Journal Review: Area Sneaks

by Laurie Macfee

Area Sneaks
Published by Poetic Research Bureau
$15.00 per issue
Los Angeles, CA
www.areasneaks.com
ISBN 1939-4152

I just finished writing about The Georgia Review, one of the US’s “finer literary journals.” It is elegant and timeless. I wanted to take time to look at another part of the spectrum with a journal published in Los Angeles called Area Sneaks.  Two issues fell into my hands earlier this month, one from 2008 and the other from 2009. If The Georgia Review is a Merchant Ivory film, then Area Sneaks is an early David Lynch spectacular.

But perhaps that is not a fair comparison. The two journals have different reasons for being: one has published the best of literary tradition for almost 70 years, and was 5th in Pushcart Prize ratings for poetry last year, 6th in fiction.  The other is a cutting edge, pop-up, art-lit mag with completely different aims, as outlined on their website:

AREASNEAKS, a new print and online journal, seeks to touch the live wire where language and visual art meet…. Gertrude Stein’s Paris artist salon, Velemir Khlebnikov and Vladimir Tatlin’s constructive collaboration, Bernadette Mayer and Vito Acconci’s editorial partnership, Augusto de Campos’s concrete engagement with Brazilian modernism and Mike Kelley’s interest in systems of literary knowledge have each provided potential models of positive exchange between artists and writers. AREA SNEAKS hopes to maintain this dialogue by creating a fellowship of discourse within an open community of contemporary artists and writers.

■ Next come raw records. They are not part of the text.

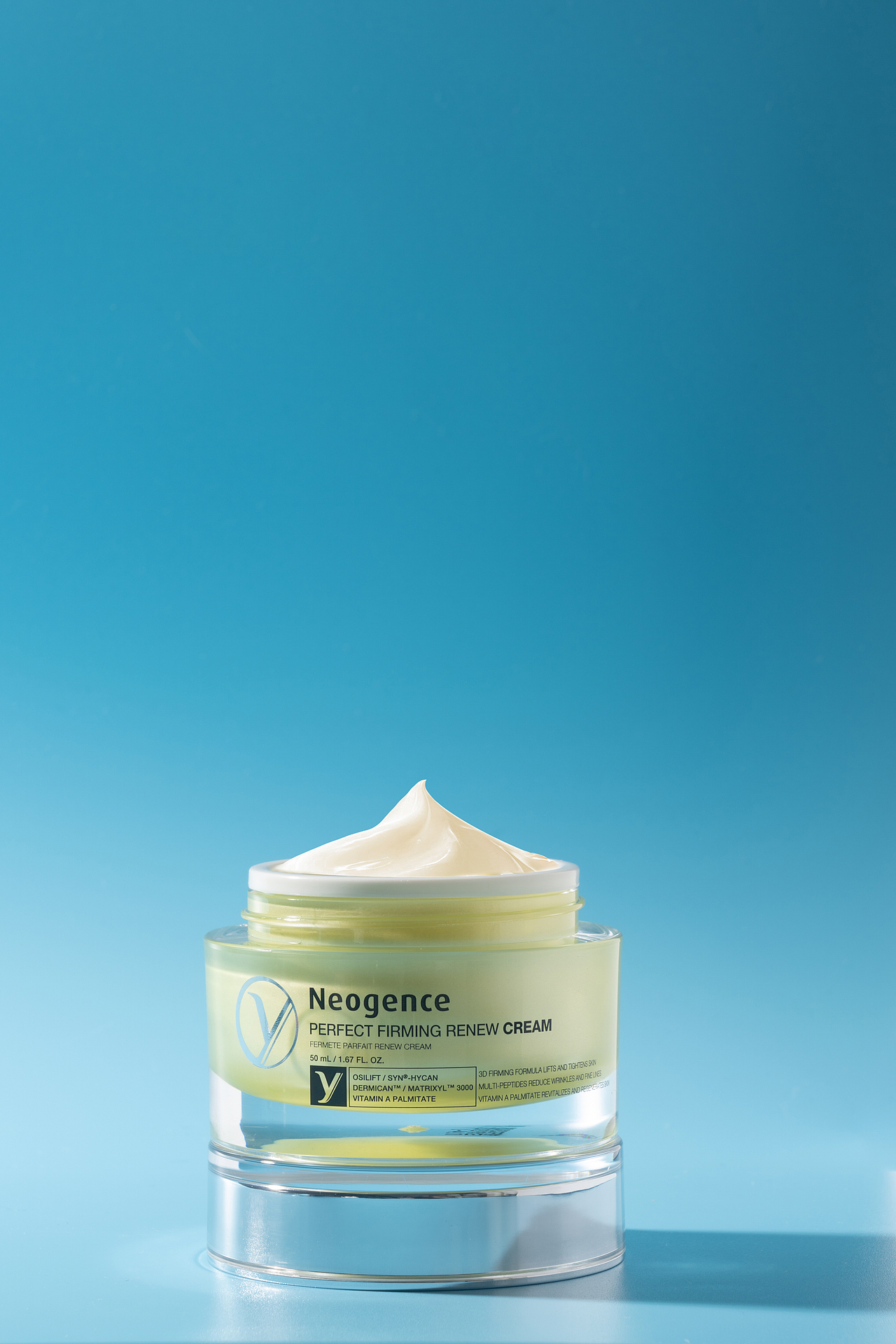 护肤系列 | 产品拍摄（图ZMjY3MjY5NDM2） - 产品摄影 - 站酷设计师焦典摄影原创素材 - 站酷ZCOOL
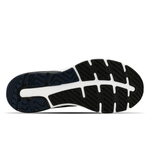 asics_1011B906400_400_03.png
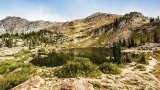 The Top 6 Salt Lake City hiking trails | Intrepid Travel Blog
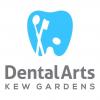 Photo for Dental Arts Kew Gardens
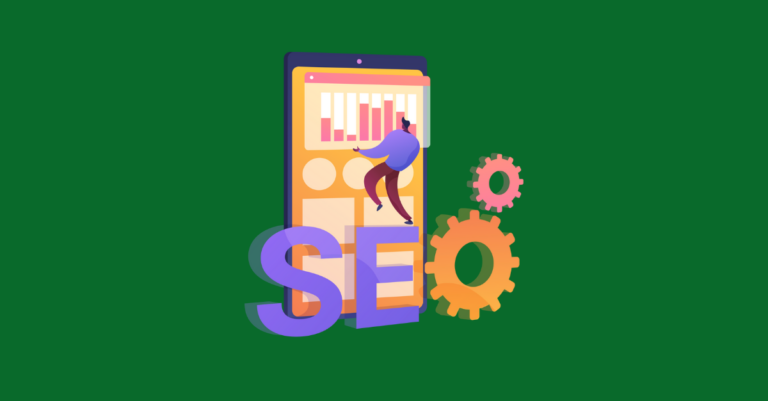 Questions To Ask When Hiring an SEO Agency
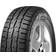 Michelin Agilis Alpin 185/75 R16C 104/102R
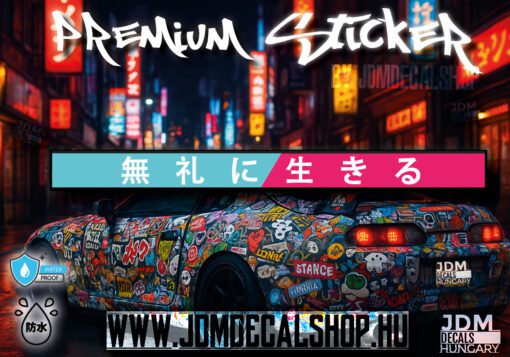 1409-stckr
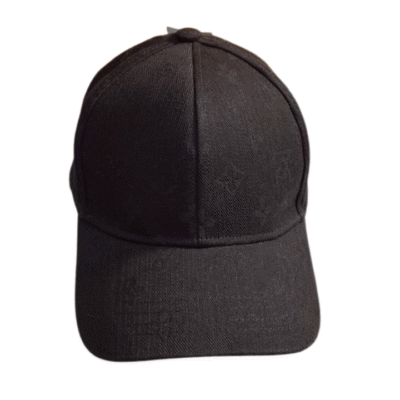 Louis Vuitton Monogram Cap 70104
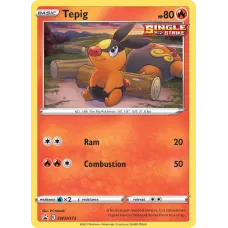 Tepig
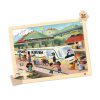 Slagalice Vrste prometa - Thumbnail Image 3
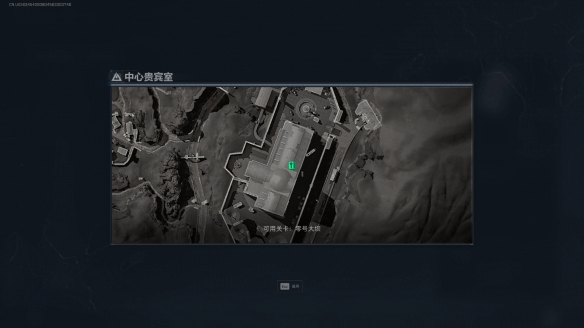 �������ж����Ĺ����?λ�÷���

Belatedly, I found out these are the only two issues produced. Which is entirely too bad, as it seems the editors Joseph Mosconi and Rita Gonzalez were stirring up a wicked and fearless brew.

8
Issue 1: 2008/187 pps.

In the first issue alone there is a 22 pg interview between visual artist Stephanie Taylor with Kathryn Andrews and Michael Ned Holt, which features her sound/photo/sculptural installations in Berlin, creating a narrative over time. There is a new, “Improvisational Score,” by Sawako Nakayasu, a stunning performance poetry piece. You will find the 16 pg “Tearoom Texts: Project,” by William E. Jones, that presents research and clandestine documentary footage shot by police, leading to a crack down on public homosexual sex in the 1960s. There is a 24 pg translated and layered poem, “The Cape of Good Hope,” by French poet Emmanuel Hocquard, written in 18 parts, as well as a prose poem in segments by experimental writer/artist K. Lorraine Graham, which stretches to 7 pages.

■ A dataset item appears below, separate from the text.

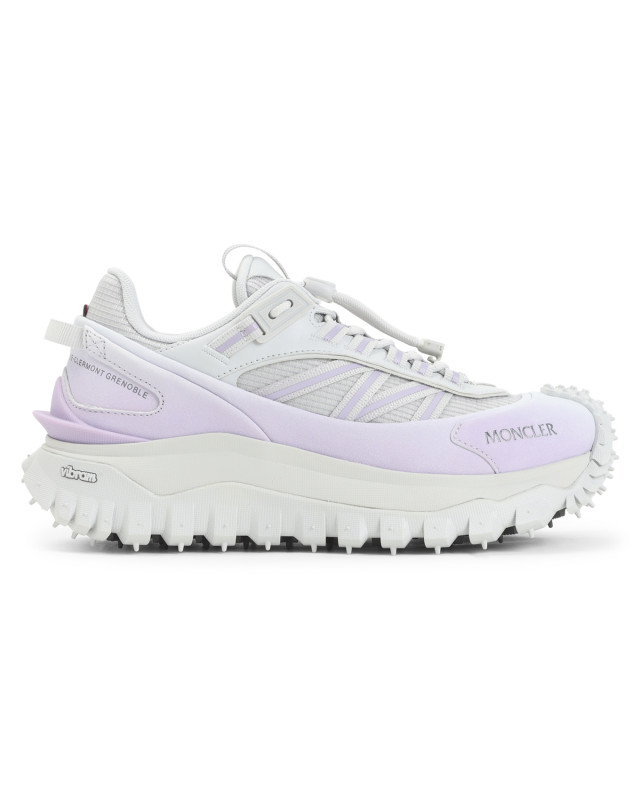 [Moncler] Sneakers SS26 L109B4M00130.M8443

Area Sneaks isn’t afraid of length, or depth.  It is not afraid of grainy photographs of men having sex in a public bathroom in Mansfield, Ohio. It unabashedly embraces the concept of hybrid. It lives in a world where there aren’t as many rules, or perhaps the rules are made to be broken. The second issue includes visual poetry experiments, a visual poetry forum, news drawings, and an essay entitled, “From Man’s Wars and Wickedness: A Book of Proposed Remedies and Extreme Formulations for Curing Hostility, Rivalry, and Ill Will”.  Artists interview writers, writers talk with artists; writers use images, artists use words in their compositions, or they work together in collaboration and present image and text side by side. It is part art journal, part lit mag, and part wonderful.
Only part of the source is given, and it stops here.